[Brief descriptive captions]
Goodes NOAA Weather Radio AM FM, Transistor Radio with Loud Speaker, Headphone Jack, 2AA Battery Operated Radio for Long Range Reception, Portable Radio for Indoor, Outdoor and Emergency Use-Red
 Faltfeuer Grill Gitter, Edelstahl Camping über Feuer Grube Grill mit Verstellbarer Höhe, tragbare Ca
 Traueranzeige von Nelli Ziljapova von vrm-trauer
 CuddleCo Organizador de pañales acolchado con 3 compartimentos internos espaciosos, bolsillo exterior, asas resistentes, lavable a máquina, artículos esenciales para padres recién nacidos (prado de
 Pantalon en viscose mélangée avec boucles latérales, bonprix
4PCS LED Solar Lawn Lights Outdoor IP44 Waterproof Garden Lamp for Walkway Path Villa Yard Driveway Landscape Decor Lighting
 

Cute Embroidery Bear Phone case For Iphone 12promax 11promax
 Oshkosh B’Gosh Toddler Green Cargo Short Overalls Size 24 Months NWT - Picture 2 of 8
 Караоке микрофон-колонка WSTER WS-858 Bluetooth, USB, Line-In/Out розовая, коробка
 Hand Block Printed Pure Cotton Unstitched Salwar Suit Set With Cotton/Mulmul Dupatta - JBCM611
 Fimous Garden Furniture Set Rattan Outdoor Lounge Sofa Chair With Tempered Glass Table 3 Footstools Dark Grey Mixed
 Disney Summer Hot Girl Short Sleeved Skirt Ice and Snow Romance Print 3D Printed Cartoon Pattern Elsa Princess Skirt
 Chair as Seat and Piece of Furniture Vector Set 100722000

ASSIGNED TASK:
The lines from the beginning of the records through the line containing "Traueranzeige von Nelli" should be reproduced exactly. Include nothing else.

YOUR SOLUTION:
Goodes NOAA Weather Radio AM FM, Transistor Radio with Loud Speaker, Headphone Jack, 2AA Battery Operated Radio for Long Range Reception, Portable Radio for Indoor, Outdoor and Emergency Use-Red
 Faltfeuer Grill Gitter, Edelstahl Camping über Feuer Grube Grill mit Verstellbarer Höhe, tragbare Ca
 Traueranzeige von Nelli Ziljapova von vrm-trauer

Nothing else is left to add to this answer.